Exercise aim -
Your job is to retype all of the data word for word, leaving every image out.

Input data -
* * *

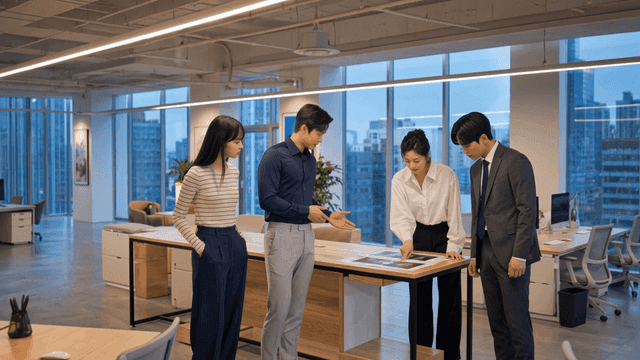 Office meeting with colleagues discussing documents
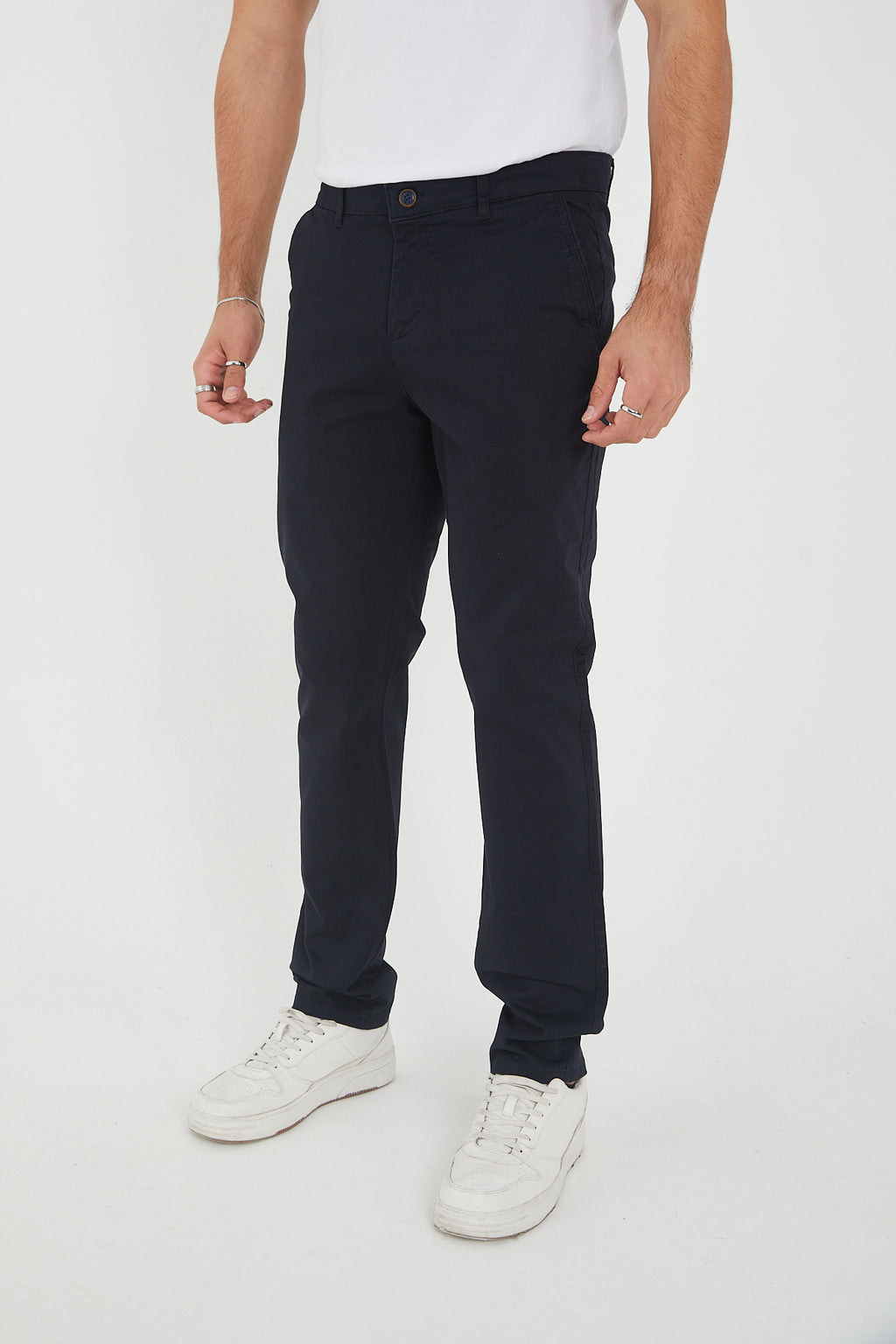 Erkek Kışlık Regular Fit Likralı Gabardin Chino Pantolon - Lacivert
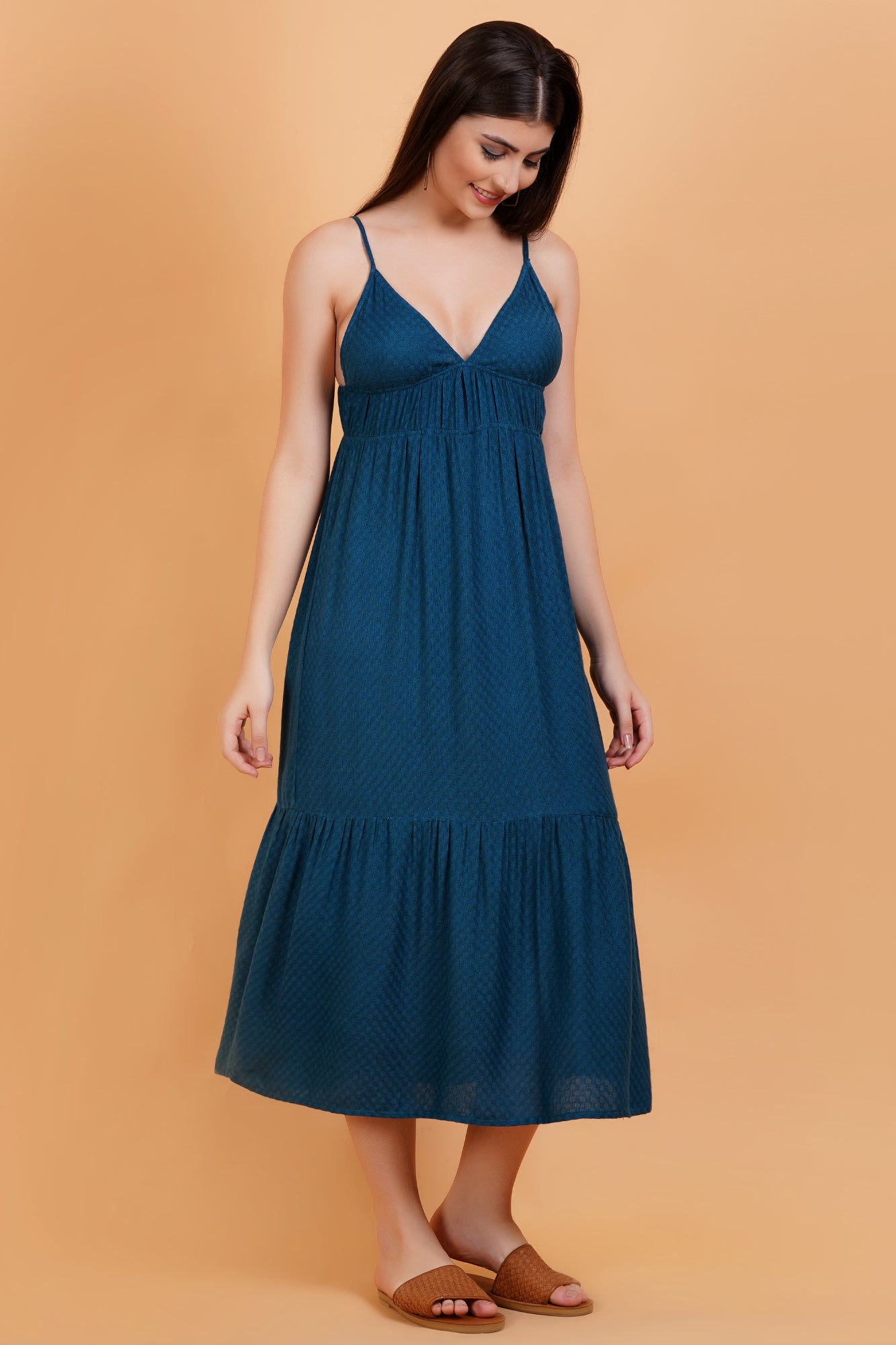 Teal Solid Self Design V-Neck Strappy Maxi Dress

* * *

Answer for this exercise -
 Office meeting with colleagues discussing documents
 Erkek Kışlık Regular Fit Likralı Gabardin Chino Pantolon - Lacivert
 Teal Solid Self Design V-Neck Strappy Maxi Dress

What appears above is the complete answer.